Unverified Commit 4d428dca authored by Max Kellermann's avatar Max Kellermann Committed by Christian Brauner
Browse files

netfs: fix reference leak



Commit 20d72b00 ("netfs: Fix the request's work item to not
require a ref") modified netfs_alloc_request() to initialize the
reference counter to 2 instead of 1.  The rationale was that the
requet's "work" would release the second reference after completion
(via netfs_{read,write}_collection_worker()).  That works most of the
time if all goes well.

However, it leaks this additional reference if the request is released
before the I/O operation has been submitted: the error code path only
decrements the reference counter once and the work item will never be
queued because there will never be a completion.
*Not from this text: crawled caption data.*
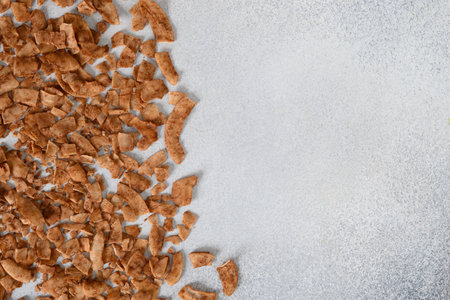Coconut chips with cinnamon on gray background with copy space. View from above.の写真素材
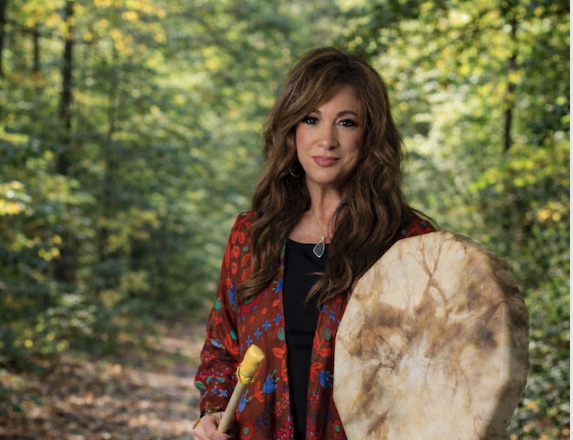 a woman holding a drum in the woods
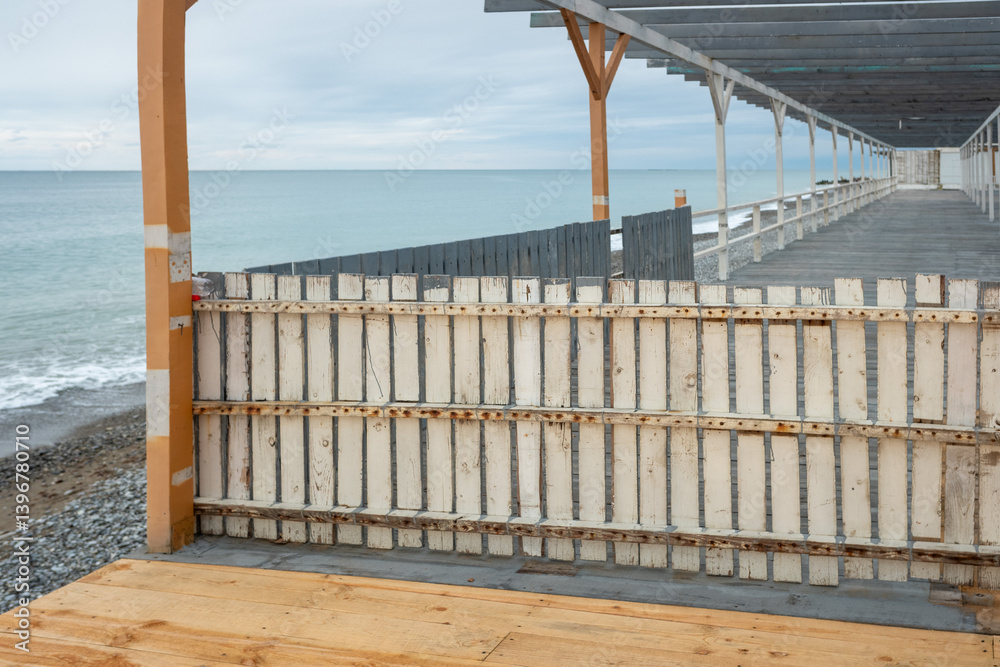 A wooden fence is on the beach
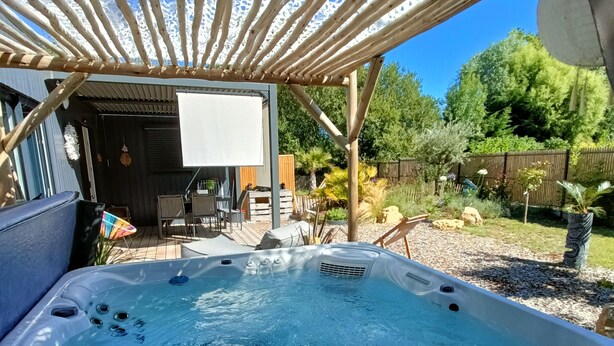 Ett bubbelbad under en träpergola med utsikt över en trädgård och en uteplats.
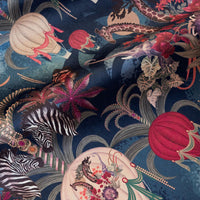 Rippled lengths of Balloon Safari sapphire blue African animal print velvet fabric for upholstery and cushions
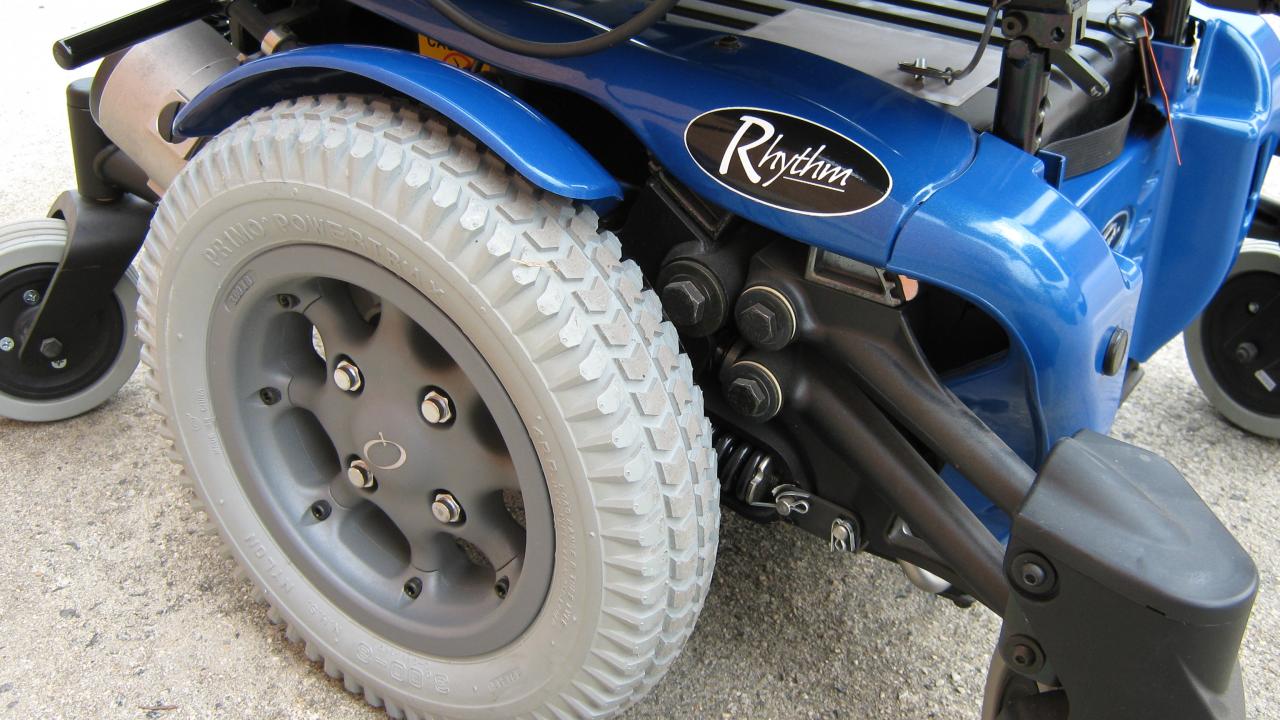 Close-up of a blue power wheelchair in the original rental collection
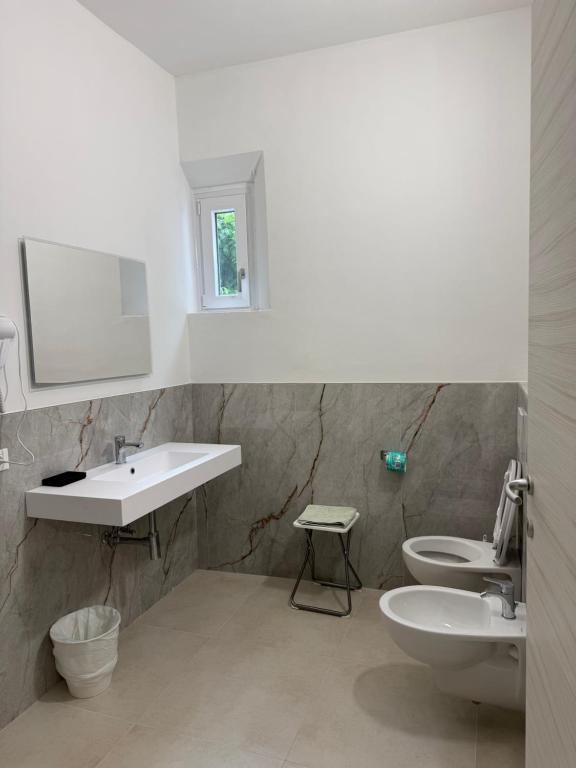 Koupelna v ubytování Hotel Pigalle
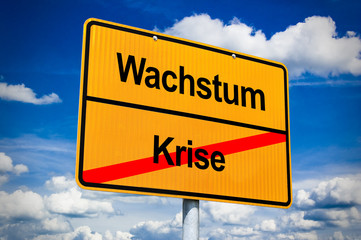 Ortsschild mit Wachstum und Krise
This has caused outages of our whole server cluster today because
tasks were blocked in netfs_wait_for_outstanding_io(), leading to
deadlocks in Ceph (another bug that I will address soon in another
patch).  This was caused by a netfs_pgpriv2_begin_copy_to_cache() call
which failed in fscache_begin_write_operation().  The leaked
netfs_io_request was never completed, leaving `netfs_inode.io_count`
with a positive value forever.

All of this is super-fragile code.  Finding out which code paths will
lead to an eventual completion and which do not is hard to see:

- Some functions like netfs_create_write_req() allocate a request, but
  will never submit any I/O.

- netfs_unbuffered_read_iter_locked() calls netfs_unbuffered_read()
  and then netfs_put_request(); however, netfs_unbuffered_read() can
  also fail early before submitting the I/O request, therefore another
  netfs_put_request() call must be added there.

A rule of thumb is that functions that return a `netfs_io_request` do
not submit I/O, and all of their callers must be checked.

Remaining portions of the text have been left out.